Thompson praised those from the seminary who “have been moved by a prophetic biblical vision of the church as an intergenerational, interracial and international koinonia of reconciliation and truth-telling . . . “
And while he praised that kind of courage, Thompson also spoke of the importance of building connections ecumenically and of the interdependence of all Christ’s followers. “Our unity, which is grounded in every Christian’s baptismal ordination, will not be negated by our current and heated denominational, ecclesiastical, political and cultural disagreements,” Thompson told the crowd gathered in the seminary’s Caldwell Chapel. “The Spirit’s work in our baptism promises to make us one whether we like it or not.”

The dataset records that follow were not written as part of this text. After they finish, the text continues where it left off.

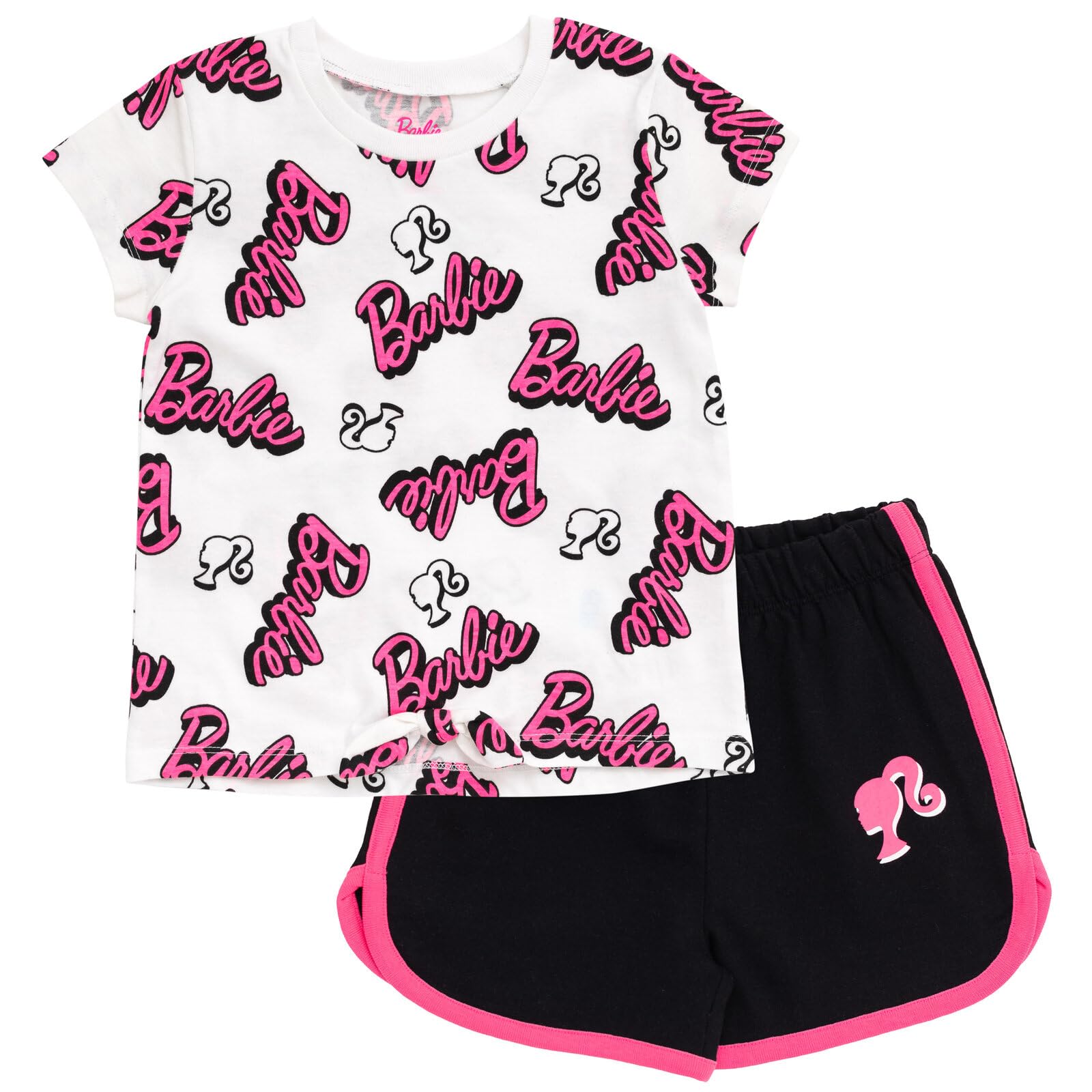 Foto 2 pulgar | Camiseta Barbie Para Niñas Pequeñas Y Pantalones Cortos Dolp - Venta Internacional.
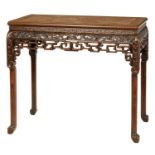 A GOOD 19TH CENTURY CHINESE HARDWOOD MARBLE TOP CENTRE TABLE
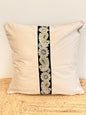 Beige Velvet Black Brocade Cushion Cover – Luxury Decorative Pillow for Elegant Home Décor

Thompson was challenged by John W. Kuykendall, who is president emeritus of Davidson College in North Carolina and had served as Louisville seminary’s interim president after former president John Mulder resigned, to lead the seminary as Noah led the ark, as a navigator and a righteous leader.
Before moving to Kentucky, Thompson served as a pastor for more than 30 years, working with churches in West Virginia, Texas and California. His last pastorate was with First Church in Charleston, W.V., a congregation of 1,600 members.